Published in final edited form as: Exp Physiol. 2008 Oct 17;94(1):31–37. doi: 10.1113/expphysiol.2008.043638

Sympathetic Neurogenic Ca2+ Signaling in Arteries: ATP, Noradrenaline and NPY

W Gil Wier 1,2, Wei-jin Zang 2, Christine Lamont 1, Hema Raina 1
PMCID: PMC3206639  NIHMSID: NIHMS332848  PMID: 18931047

Abstract

The sympathetic nervous system (SNS) plays an essential role in the control of total peripheral vascular resistance by controlling the contraction of small arteries. The SNS also exerts long-term trophic influences in health and disease; SNS hyperactivity accompanies most forms of human essential hypertension, obesity, and heart failure. At their junctions with smooth muscle cells, the peri-arterial sympathetic nerves release ATP, noradrenaline (NA) and neuropeptide Y (NPY) onto smooth muscle cells. Confocal Ca2+ imaging studies reveal that ATP and NA each produce unique types of post-junctional Ca2+ signals, and consequent smooth muscle cell contractions. Neurally released ATP activates post-junctional P2X1 receptors to produce local, non-propagating Ca2+ transients, termed ‘junctional Ca2+ transients’, or jCaTs. Neurally released NA binds to α1-adrenoceptors and can activate Ca2+ waves or more uniform global changes in [Ca2+]. Neurally released NPY does not appear to produce Ca2+ transients directly, but significantly modulates NA-induced Ca2+ signaling. The neural release of ATP and NA, as judged by post-junctional Ca2+ signals, electrical recording of excitatory junction potentials (EJPs), and carbon fiber amperometry to measure NA, varies markedly with the pattern of nerve activity. This probably reflects both pre- and post-junctional mechanisms, which are not yet fully understood. These phenomena, together with different temporal patterns of sympathetic nerve activity in different regional circulations, are probably an important mechanistic basis of the important selective regulation of regional vascular resistance and blood flow by the sympathetic nervous system.
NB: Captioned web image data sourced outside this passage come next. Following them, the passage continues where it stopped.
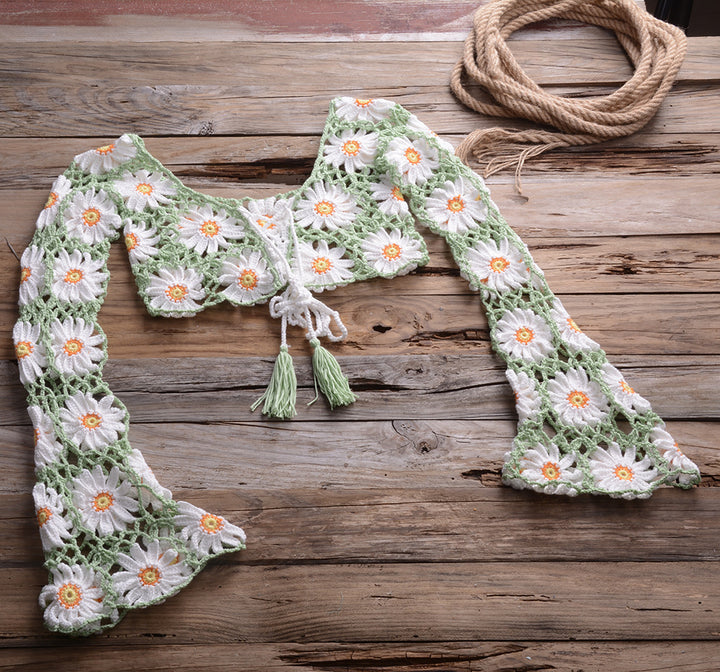 Dame hæklede bluse med florale motiver og lange ærmer Stilla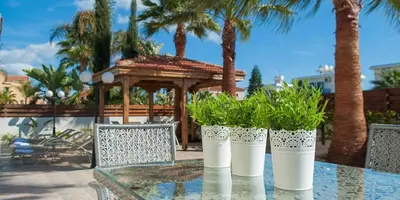 a table with three potted plants on top of it at Villa Stefanie in Ayia Napa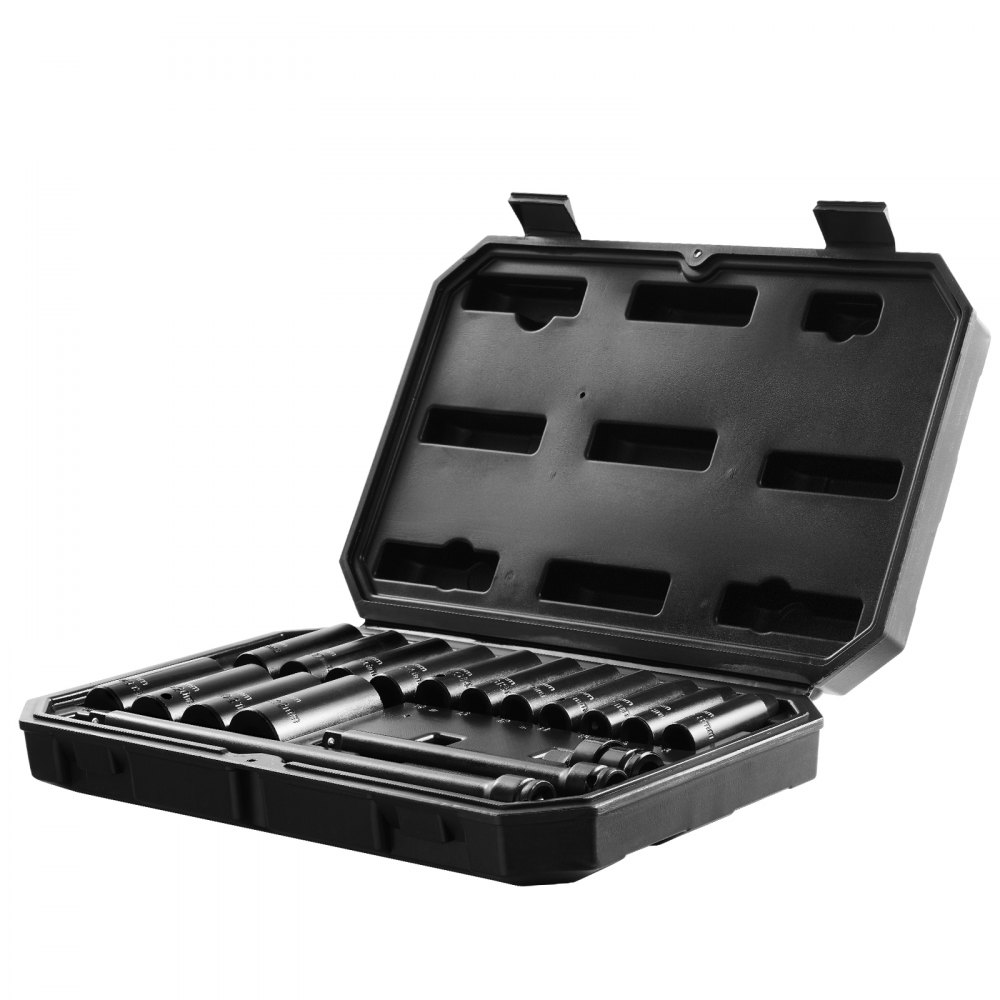 VEVOR 3/8" Drive Impact Socket Set, 18 Piece Deep Socket Set Metric 8-22mm, 6 Point CR-V Alloy Steel for Auto Repair, Easy-to-Read Size Markings, Rugged Construction, Includes Storage Case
Keywords: sympathetic nerve, Ca2+ Signaling, arterial smooth muscle, receptors, junctional Ca2+ transients (jCaTs), confocal microscope

Introduction

All three sympathetic co-transmitters, ATP, NA, and NPY contribute to sympathetically mediated vasoconstriction of small arteries (Bradley et al., 2003). Abundant evidence supports the concept that, in arteries, neurally released ATP can activate a rapid, transient, component of smooth muscle contraction whilst neurally released NA activates slower, sustained and stronger contraction. These components of contraction are often referred to as the ‘purinergic’ and the ‘adrenergic’ component of neurogenic contraction, respectively. The actions and mechanisms of neurally released NPY remain more obscure; although NPY is a weak vasoconstrictor, it is likely that its primary (post-junctional) role is to modulate the actions of NA, and possibly, ATP.

The actions and relative contributions of each transmitter to sympathetic neuromuscular transmission vary markedly throughout the vascular system, and with the pattern of sympathetic nerve activity. For example, in the mesenteric vascular bed, the purinergic component of the contraction is relatively larger in the very small mesenteric arteries, compared to the larger ones, and the purinergic component predominates during brief bursts of sympathetic nerve fiber activity (Gitterman & Evans, 2001). In these arteries also, the relative importance of ATP as an activator of contraction may depend on arterial pressure (Rummery et al., 2007). Contraction of distal small arteries supplying skeletal muscle however does not seem to involve ATP at all (Tarasova et al., 2003). The varying contributions of the three sympathetic co-transmitters in different conditions and in different arteries is undoubtedly the result of many factors, including; 1) the unique frequency-dependence of release of each transmitter, 2) the identity, location and intracellular mechanisms of pre-and post-junctional receptors for each, and 3) the activity of mechanisms for terminating the actions of each transmitter.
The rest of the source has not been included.